Leaving out all images, return the entries below exactly.
[[ INFORMATION, beginning ]]
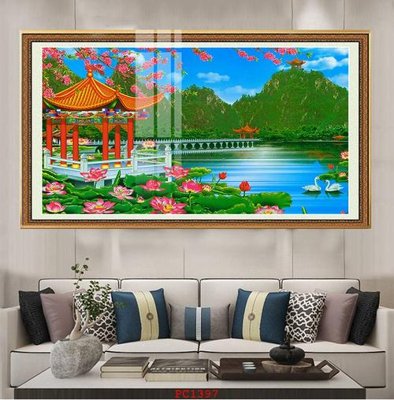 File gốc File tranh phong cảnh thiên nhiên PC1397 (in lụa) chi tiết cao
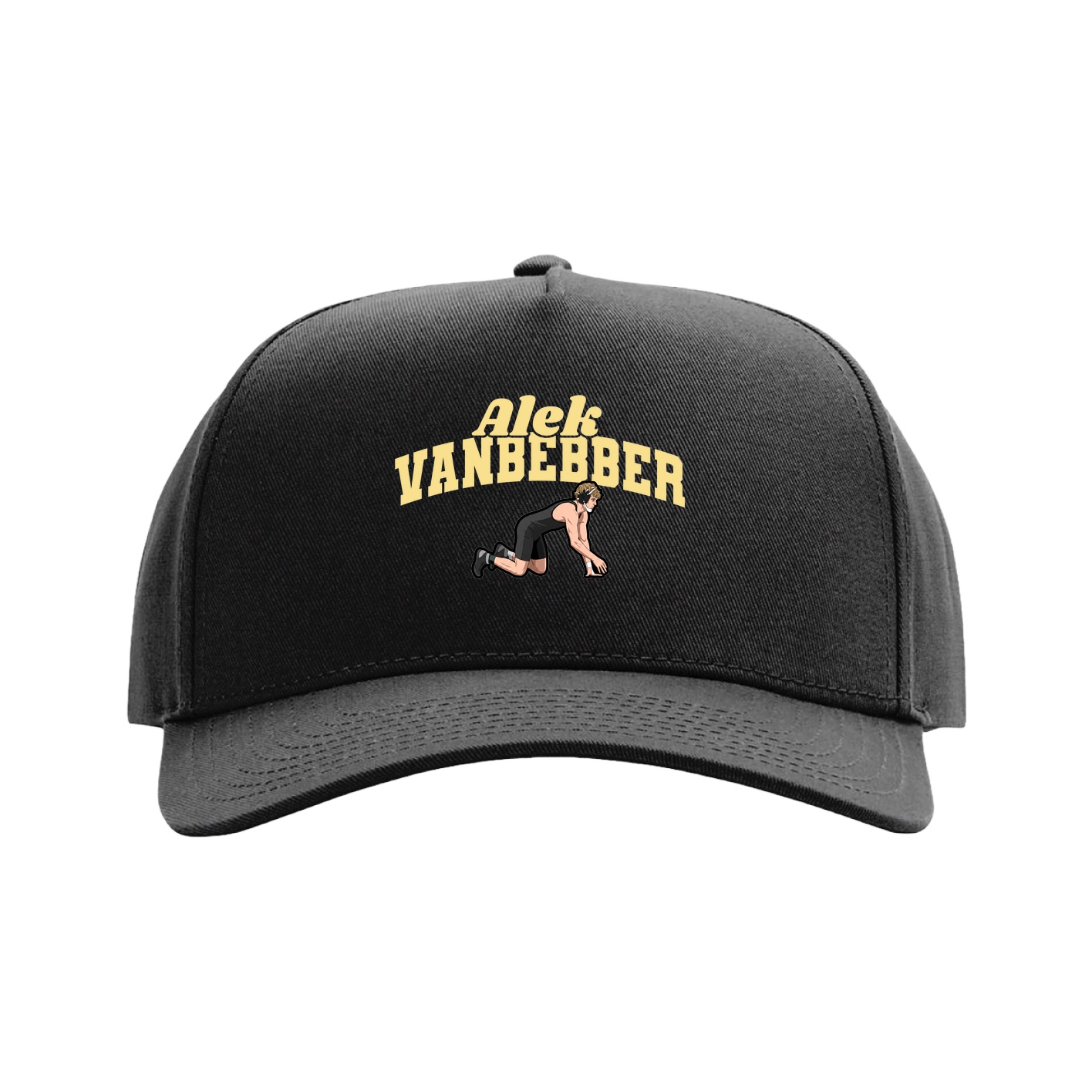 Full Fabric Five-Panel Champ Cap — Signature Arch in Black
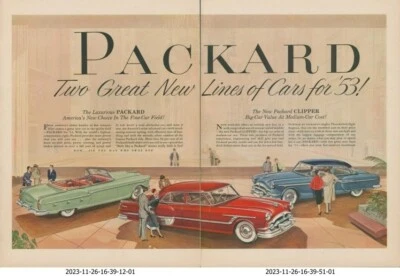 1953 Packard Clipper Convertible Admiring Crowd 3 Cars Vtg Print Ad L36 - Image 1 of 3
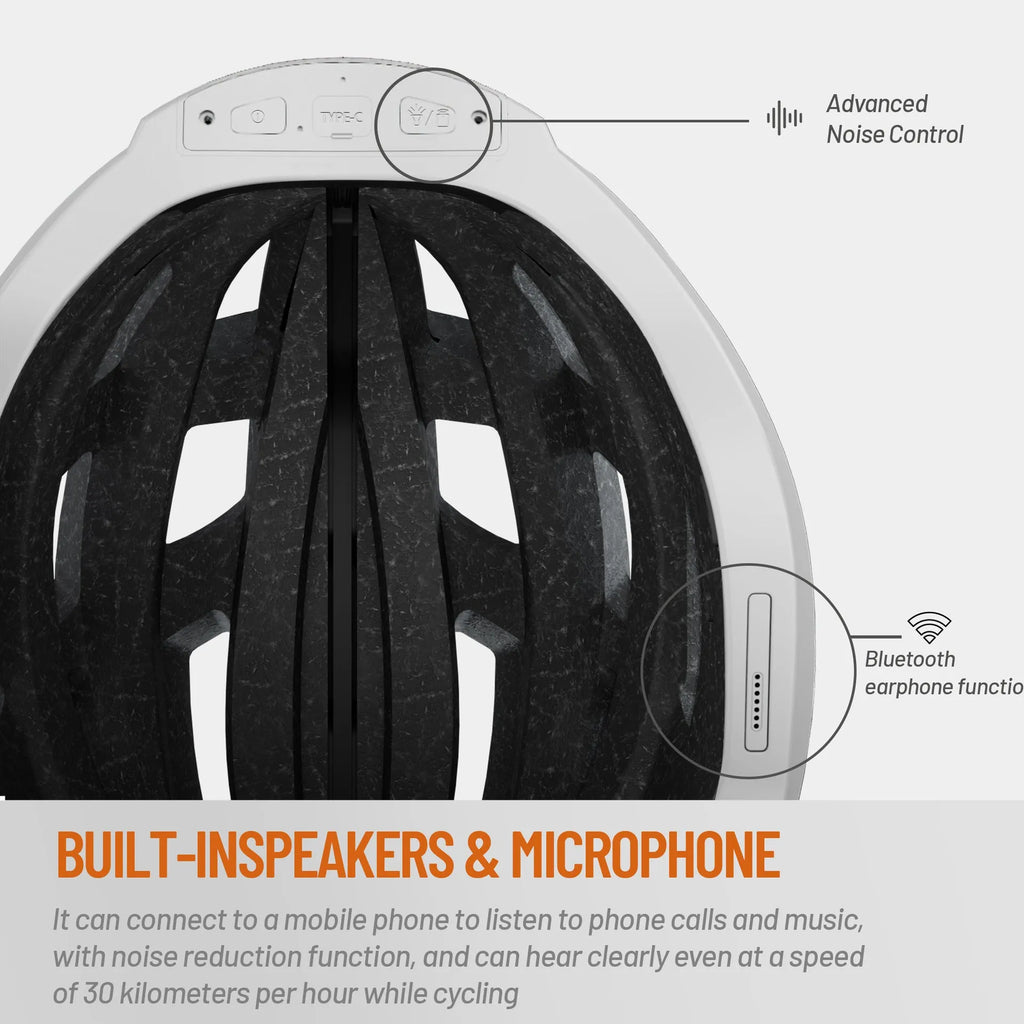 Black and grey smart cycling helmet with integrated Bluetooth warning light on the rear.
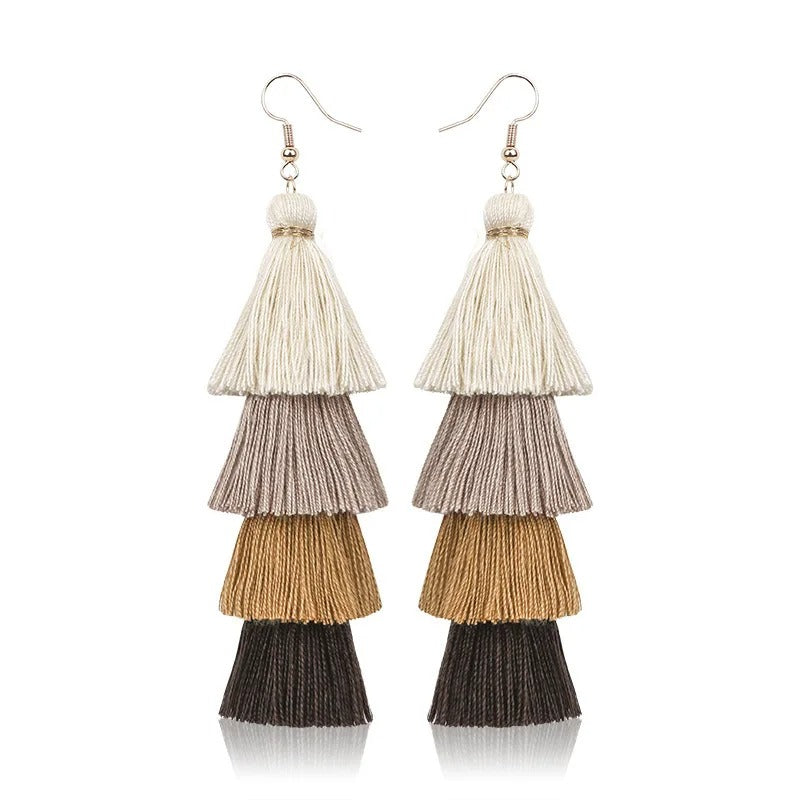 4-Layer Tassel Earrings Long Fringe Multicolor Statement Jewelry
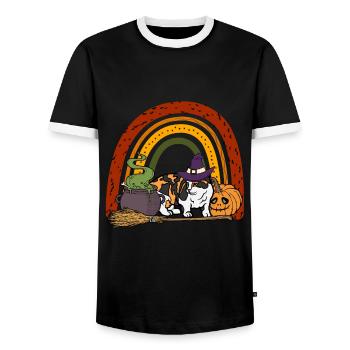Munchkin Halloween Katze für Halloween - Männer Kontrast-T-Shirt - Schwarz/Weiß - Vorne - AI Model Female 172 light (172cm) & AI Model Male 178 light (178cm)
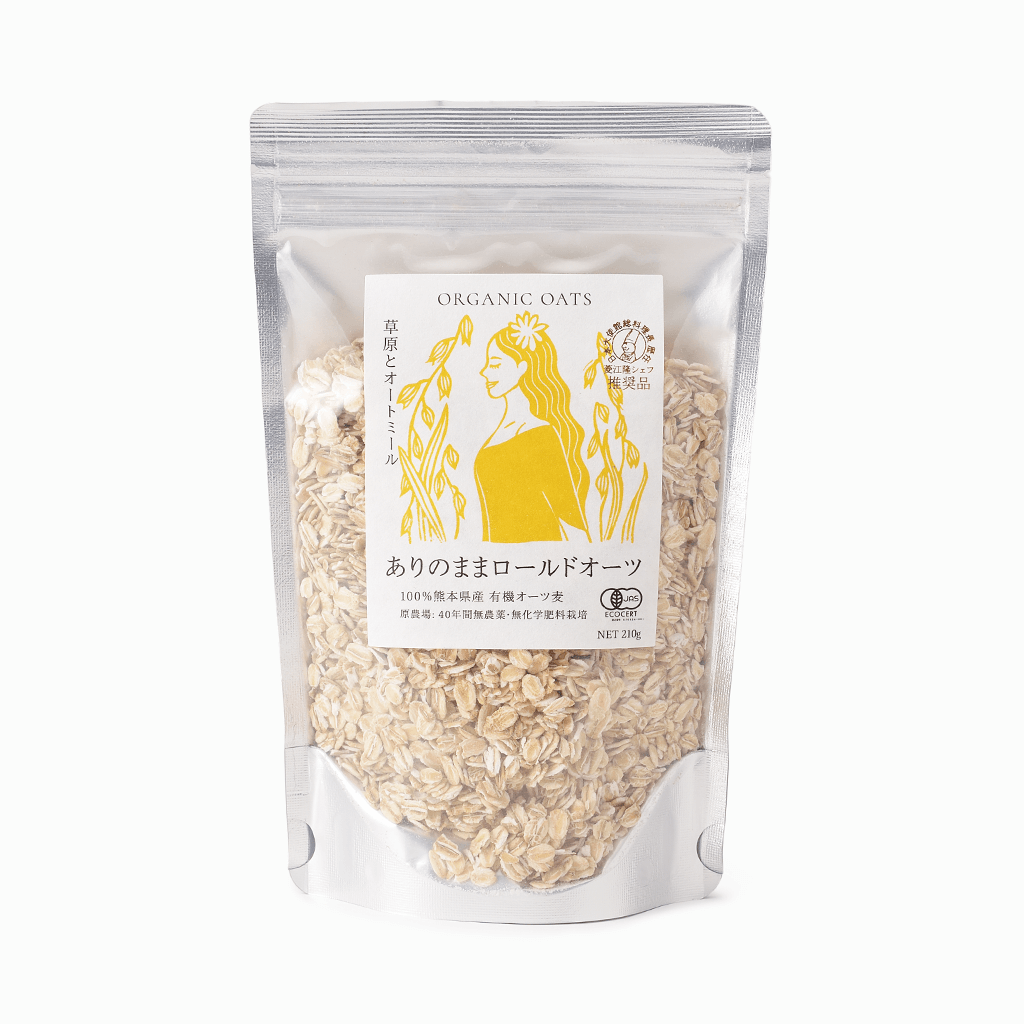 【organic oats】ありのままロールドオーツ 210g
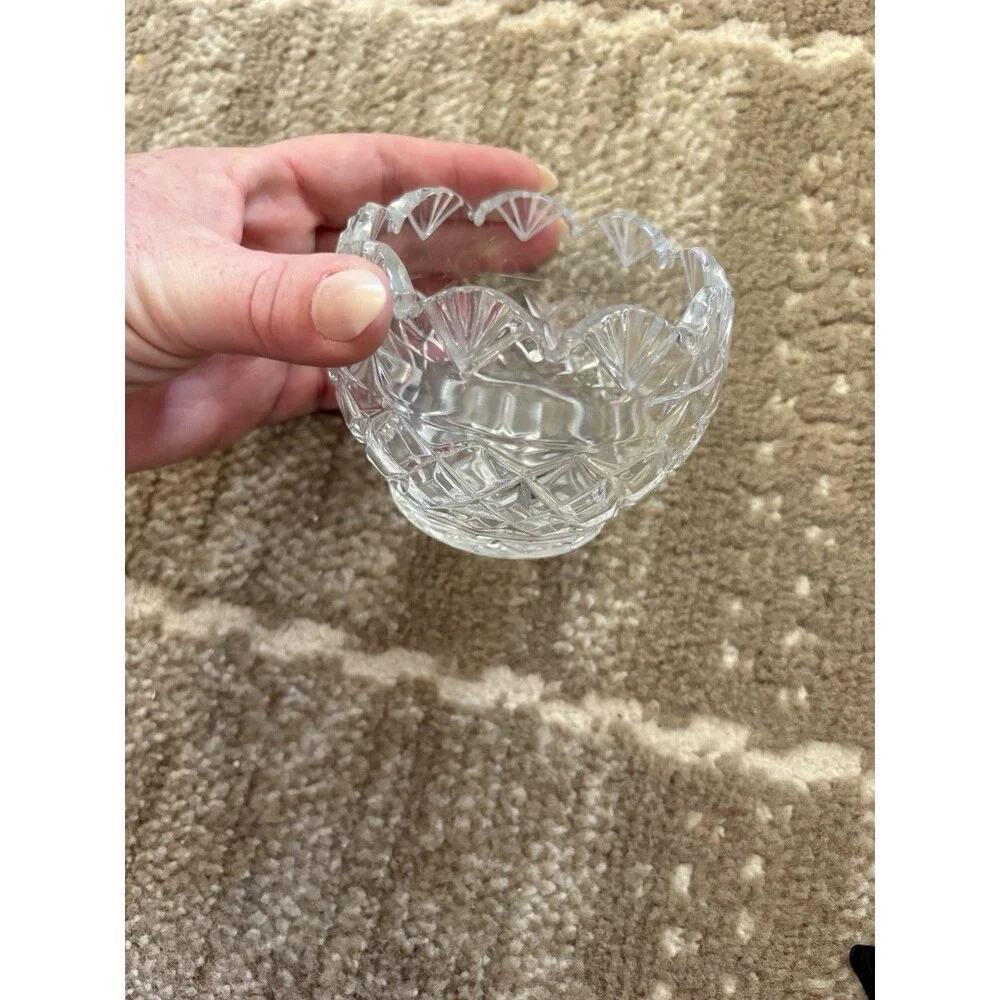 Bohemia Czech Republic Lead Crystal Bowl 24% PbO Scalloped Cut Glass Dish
[[ INFORMATION, end ]]
> FINISHED TASK
 File gốc File tranh phong cảnh thiên nhiên PC1397 (in lụa) chi tiết cao
 Full Fabric Five-Panel Champ Cap — Signature Arch in Black
 1953 Packard Clipper Convertible Admiring Crowd 3 Cars Vtg Print Ad L36 - Image 1 of 3
 Black and grey smart cycling helmet with integrated Bluetooth warning light on the rear.
 4-Layer Tassel Earrings Long Fringe Multicolor Statement Jewelry
Munchkin Halloween Katze für Halloween - Männer Kontrast-T-Shirt - Schwarz/Weiß - Vorne - AI Model Female 172 light (172cm) & AI Model Male 178 light (178cm)
 【organic oats】ありのままロールドオーツ 210g
 Bohemia Czech Republic Lead Crystal Bowl 24% PbO Scalloped Cut Glass Dish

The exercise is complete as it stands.